I have never really been a go to the gym every day kind of a person tell I moved to Vegas. It all happened about a month after me moving here. I was stilling in my apt, I has just finished making dinner sat down on the floor at my little coffee table infront of my tv, because well I had no furniture.. Which is really funny if you think about it, being I work at a store that sales home furnishings.   However I'm sitting down feeling hella low and finally decided that I need to get out and meet people, or just be around people I couldn't sit at my house any more. The next day after I work I went to the gym and got my membership.

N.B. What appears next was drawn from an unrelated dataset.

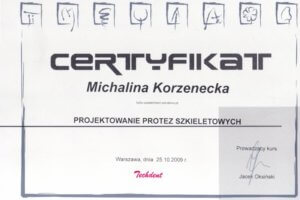 Protezy szkieletowe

Before when I had gone to the gym I had always felt judged by everyone there. You know you go and work out and you see all those people there that are super fit, not every breaking a swea. The guys are all super buff muscles exploding caring around there proline shakes and carrying there gallon water bottles. The girls are equity fit and cut and their hair and makeup are on point. Then there is me, no make up hair a mess, soccer shorts and T-shirt  dripping wet because well I seat for everyone else in the damn place, but my point to this is I never felt comfortable having to do what I needed to do to get in shape.  Then I tried the whole working out at home which was great for about  2 weeks and then my bed felt amazing and their was always a reason why I shouldn't get up and work out. Needless to say I was a chunky monkey, now don't get me wrong I'm still curvy and got some extra loven but this time I'm loven my curves, What's the different you might ask well I finally found a gym that I enjoy working  out in and going to. Leave it to Vegas to finally get my shit together, it's a bit funny that I had to move to Sin city to find myself  I'm sure that there is something to say about that, but we will touch on that another day.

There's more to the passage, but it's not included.